Still, as I say, I can recognise the appeal of enabling and empowering theoretical discourses to a certain extent. It’s a different aspect of the current situation of theory as it’s glossed by Critchley I’m particularly concerned with here.

Critchley – who is himself the author of The Ethics of Deconstruction and co-author of Deconstruction and Pragmatism – is careful to name no names as to which exhausted theoretical paradigms he has in mind. But given that a ‘certain discourse, let’s call it deconstructive’, Critchley suggests, is also explicitly placed in a relation of contrast to Badiou’s ‘very different’ creative, constructive philosophy, I wonder if deconstruction is not at least part of what he is referring to?  If so, then I have to say I find it difficult to recognise deconstruction, and the philosophy of Jacques Derrida especially (with which the term deconstruction is most closely associated, and which is very important for me), in any description that opposes it to that which is conceptually creative, enabling, explanatory and empowering. Derrida’s thought is all of these things – although in a different way to Badiou’s philosophical system, it’s true.  The interest of Derrida and deconstruction lies with systems – including what Badiou, in the same discussion with Critchley, refers to as ‘the classical field of philosophy’ – but also with what destabilizes, disrupts, escapes, exceeds, interrupts and undoes systems. And this would apply to Badiou’s own system of thought (‘and this is a system’, Critchley points out). This doesn’t mean deconstruction can be positioned as ‘melancholic’, though, and contrasted to construction and ‘reconstruction’, as Critchley and Badiou would have it.

For all his interest in radical politics, theatre, poetry, cinema, mathematics, psychoanalysis and the question of love, there’s an intriguing return to philosophy, and with it a certain disciplinarity, evident in Badiou’s work (as opposed to the interdisciplinarity associated with cultural studies, say, or the trans-disciplinarity of your CRC). Badiou refers to this as being very much a philosophical decision on his part:

And finally my philosophical decision – there is always something like a decision in philosophy, there is not always continuity: you have to decide something and my decision was very simple and very clear. It was that philosophy was possible. It’s a very simple sentence, but in the context it was something new. Philosophy is possible in the sense that we can do something which is in the classical tradition of philosophy and nevertheless in our contemporary experience. There is in my condition no contradiction between our world, our concrete experiences, an idea of radical politics for example, a new form of art, new experiences in love, and the new mathematics. There is no contradiction between our world and something in the philosophical field that is finally not in rupture but assumes a continuity with the philosophical tradition from Plato to today.
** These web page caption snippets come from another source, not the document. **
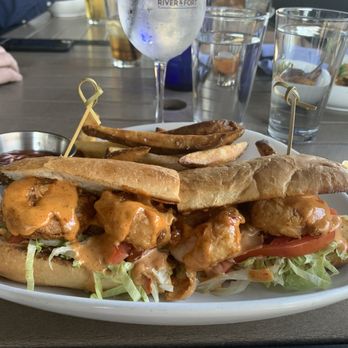 River & Post - Po Boy Sandwich (Shrimp) - Lounges Near Me - Jacksonville, Florida River & Post - Po Boy Sandwich (Shrimp) - Lounges Near Me - Jacksonville, Florida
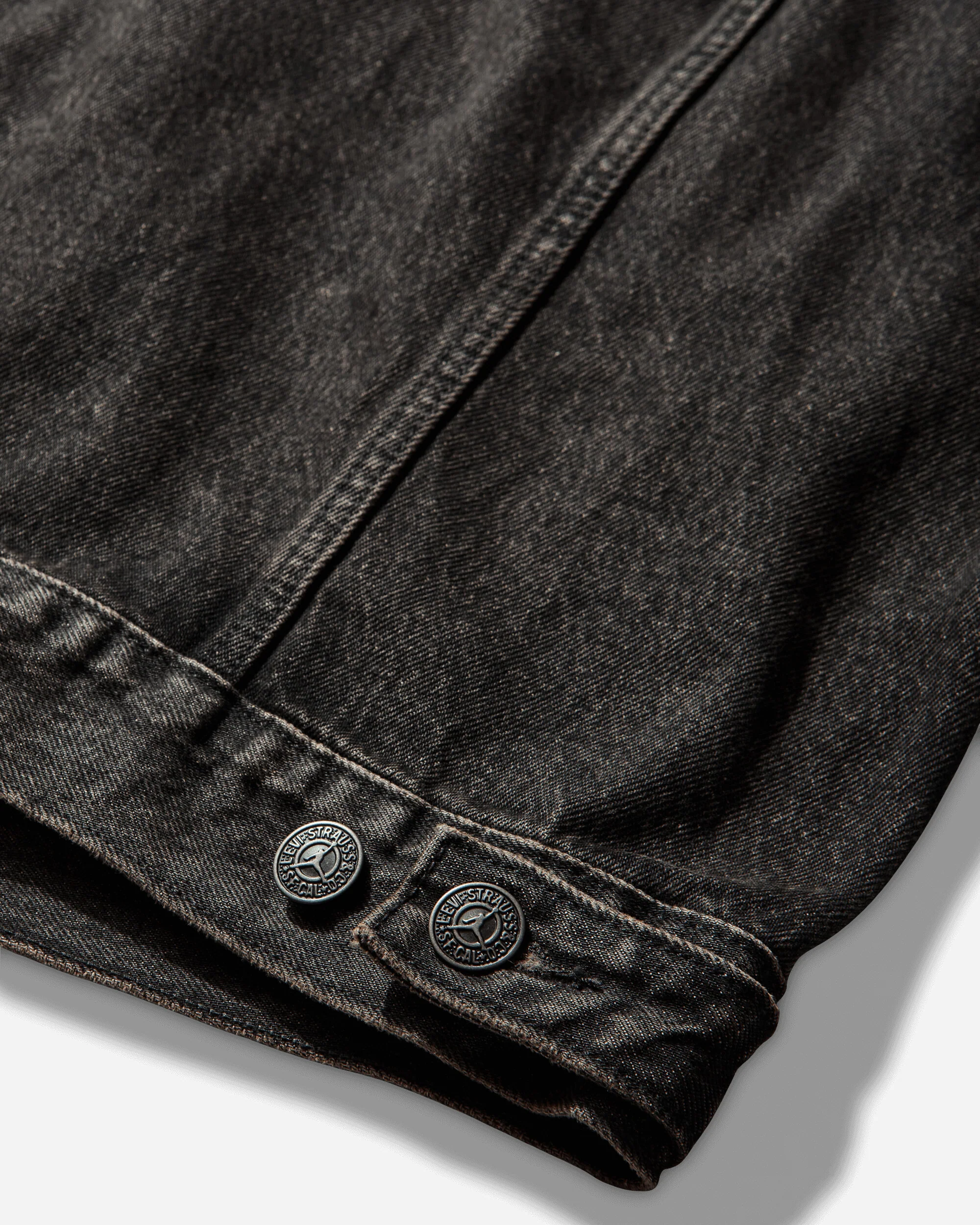 Jordan Type III Trucker Jacket Black - Image 4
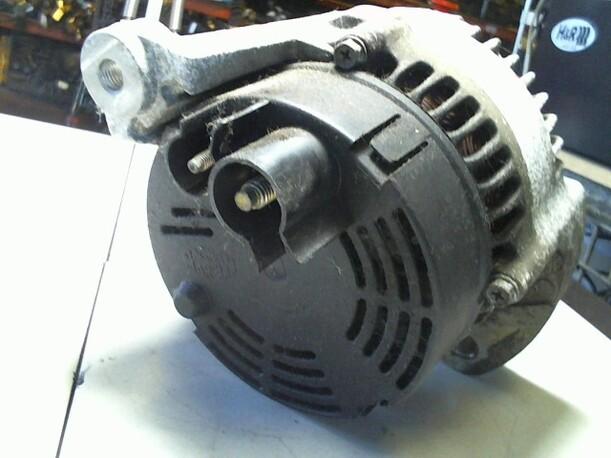 Foto: LICHTMASCHINE eines Fiat Punto 1.2 16V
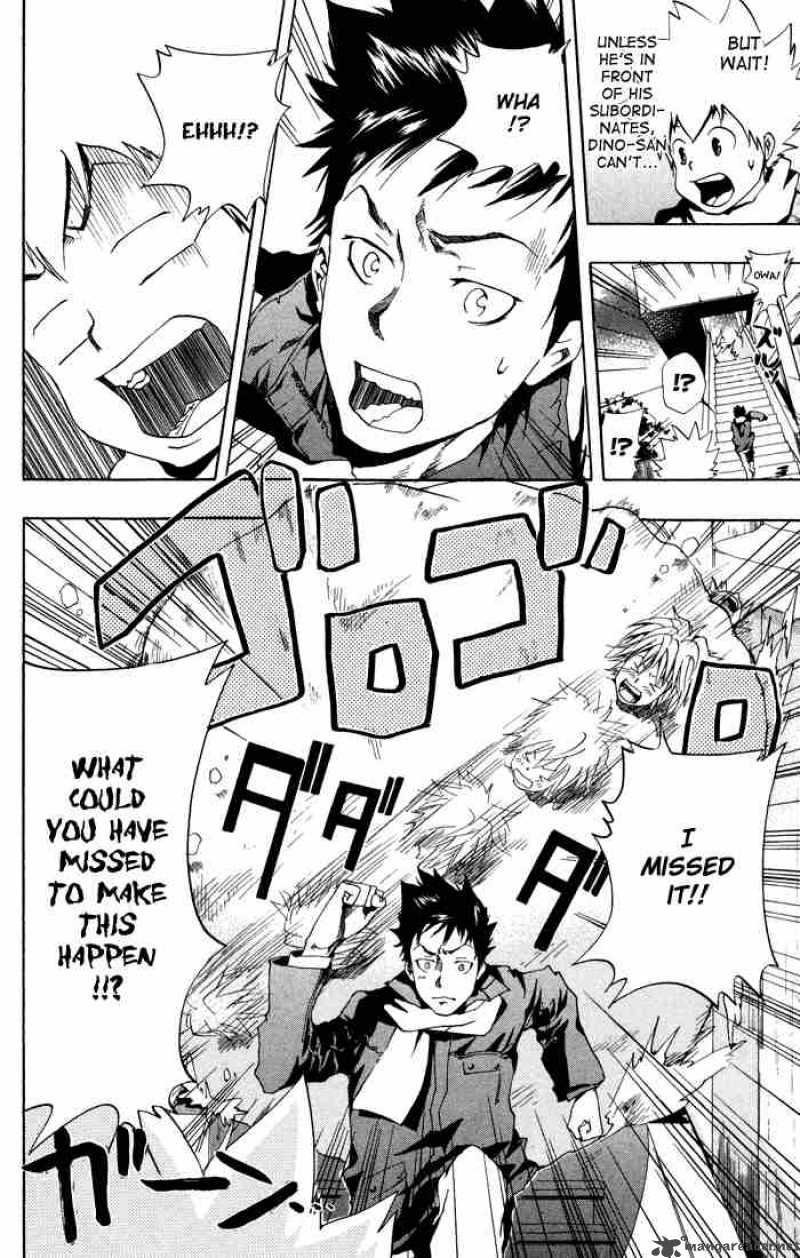 Katekyo Hitman Reborn 38 12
And we can take one further step, something like that. So we have not to begin by melancholic considerations about the state of affairs of philosophy: deconstruction, end of philosophy, end of metaphysics, and so on. This vision of the history of thinking is not mine.  And so I have proposed – in Being and Event in fact – a new constructive way for philosophical concepts and something like a reconstruction – against deconstruction – of the classical field of philosophy itself.

(Alain Badiou, ‘”Ours Is Not A Terrible Situation” - Alain Badiou and Simon Critchley at Labyrinth Books’, NY, March 6, 2006)


Yet what kind of decision is actually being taken here? What is it based on or grounded in? How philosophical is this decision by Badiou?  Couldn’t it be said that any decision to the effect that philosophy is possible, that a ‘reconstruction – against deconstruction – of the classical field of philosophy’ is possible, has to be taken by Badiou in advance of philosophy; and that his decision in favour of a ‘new constructive way for philosophical concepts’ therefore takes Badiou outside or beyond philosophy at precisely the moment he is claiming to have returned to or defended it? As such, doesn’t any such decision do violence not just to deconstruction but also to the classical tradition of philosophy?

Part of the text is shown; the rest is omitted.